WHAT YOU NEED TO DO:
Write out the entries verbatim and leave the images out of the copy.

MATERIAL TO PROCESS:
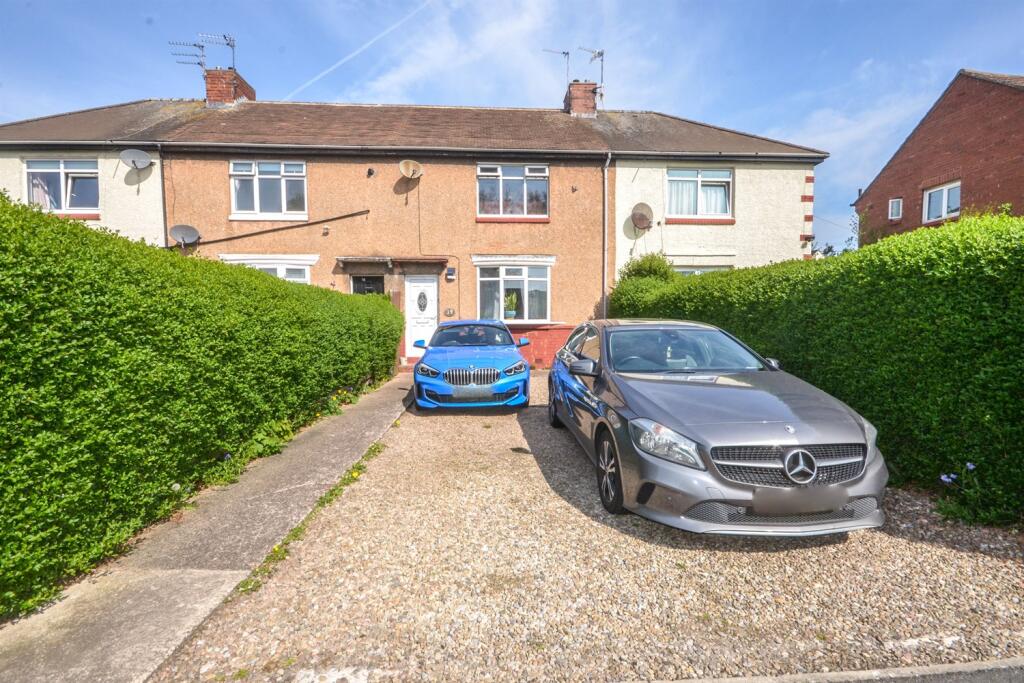 Main image of property: Hall Gardens, West Boldon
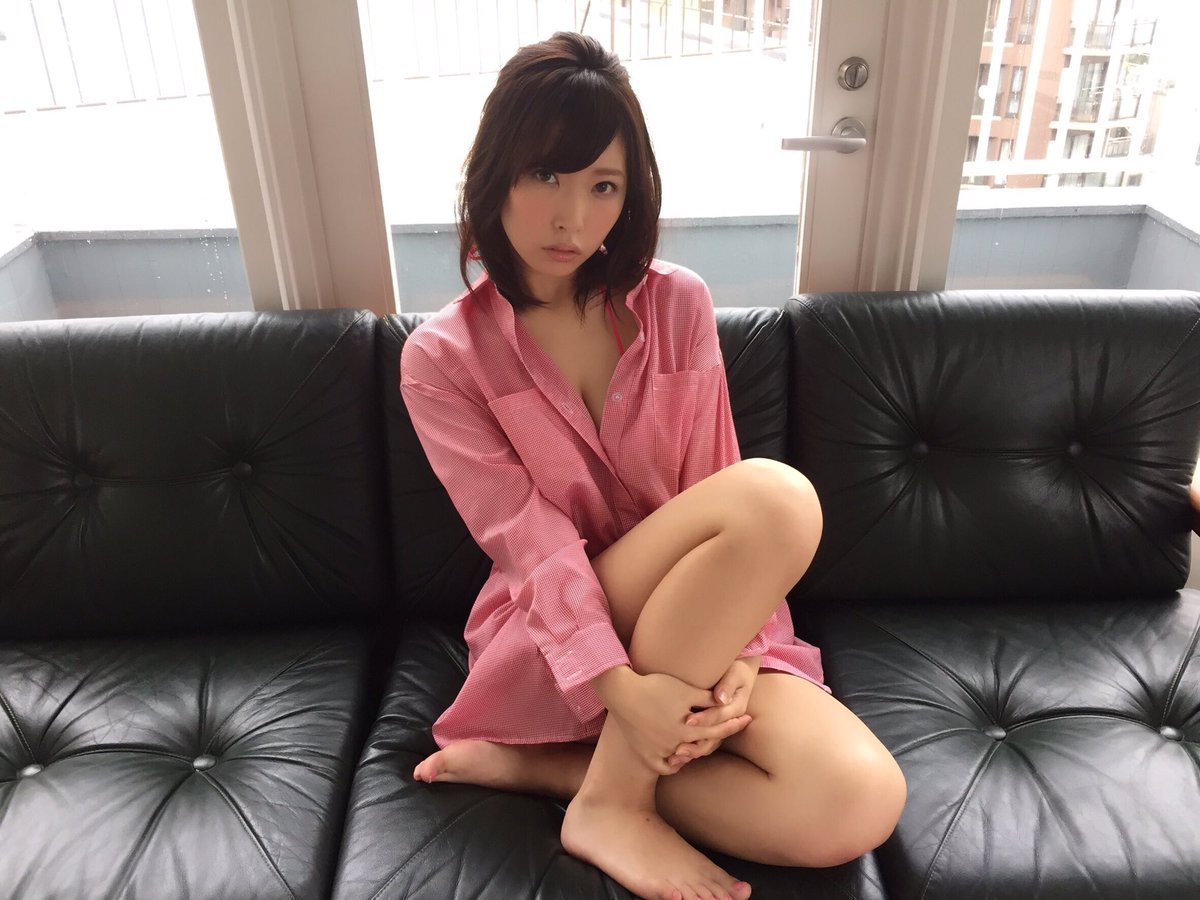 日本女模特上冈枫私拍写真图片合辑 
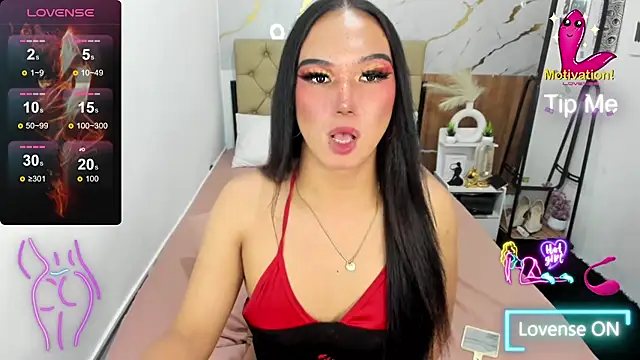 goddessyuki online show from 25, 7, 2026
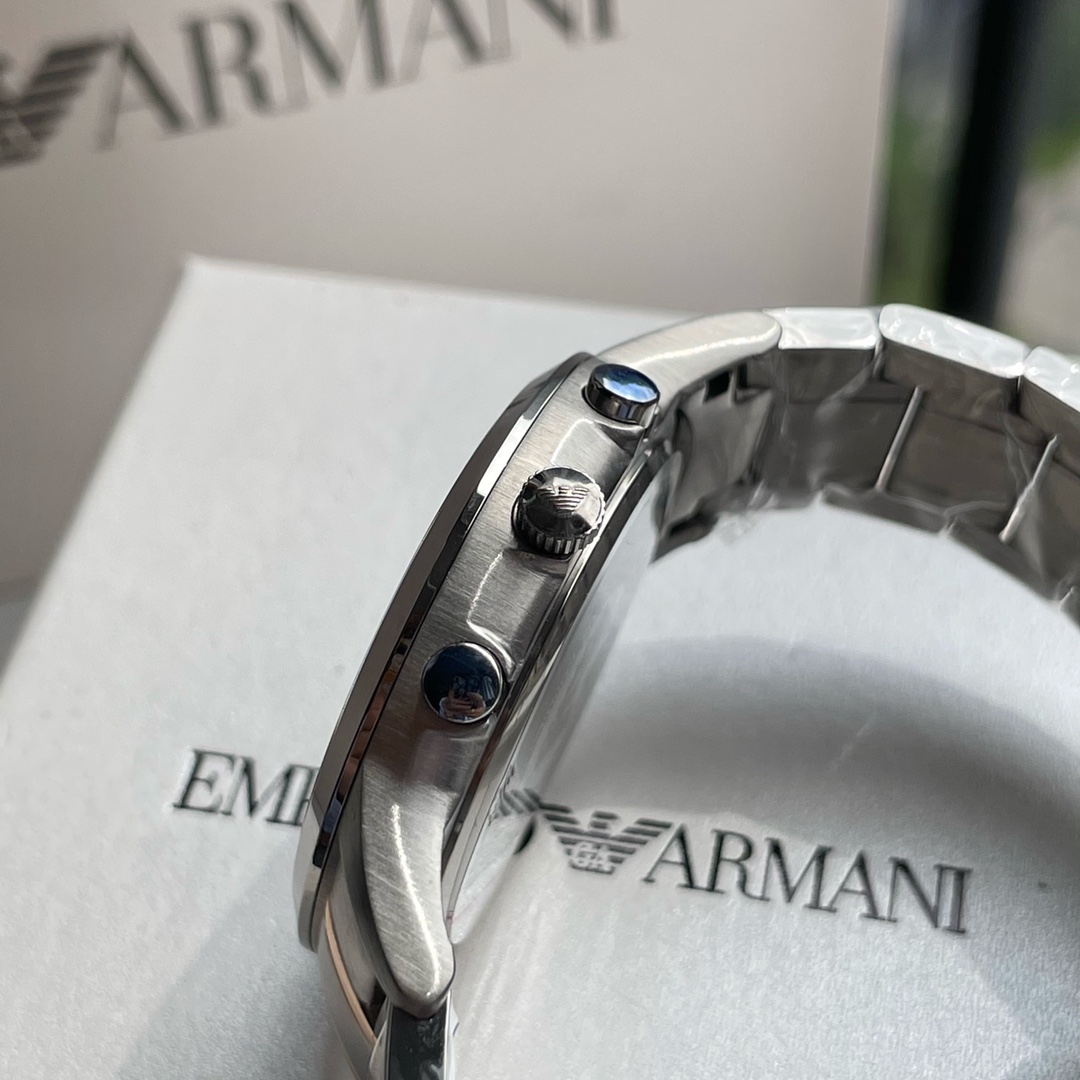 Armani AR11165 Watch - everydesigner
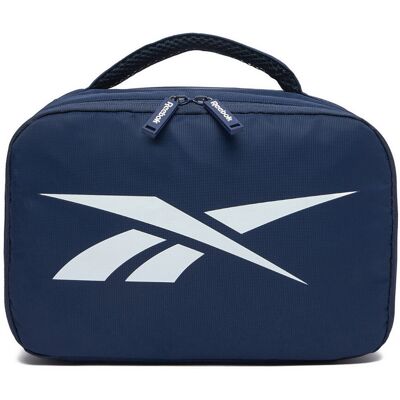 Kosmetiktasche Reebok RBK-U1-001-SS25 Dunkelblau NOSIZE unisex Kosmetiktasche Reebok RBK-U1-001-SS25 Dunkelblau NOSIZE unisex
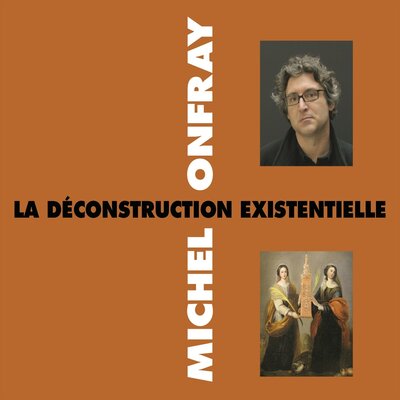 Обложка: La déconstruction existentielle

EXPECTED ANSWER:
 Main image of property: Hall Gardens, West Boldon
 日本女模特上冈枫私拍写真图片合辑 
 goddessyuki online show from 25, 7, 2026
 Armani AR11165 Watch - everydesigner
 Kosmetiktasche Reebok RBK-U1-001-SS25 Dunkelblau NOSIZE unisex Kosmetiktasche Reebok RBK-U1-001-SS25 Dunkelblau NOSIZE unisex
 Обложка: La déconstruction existentielle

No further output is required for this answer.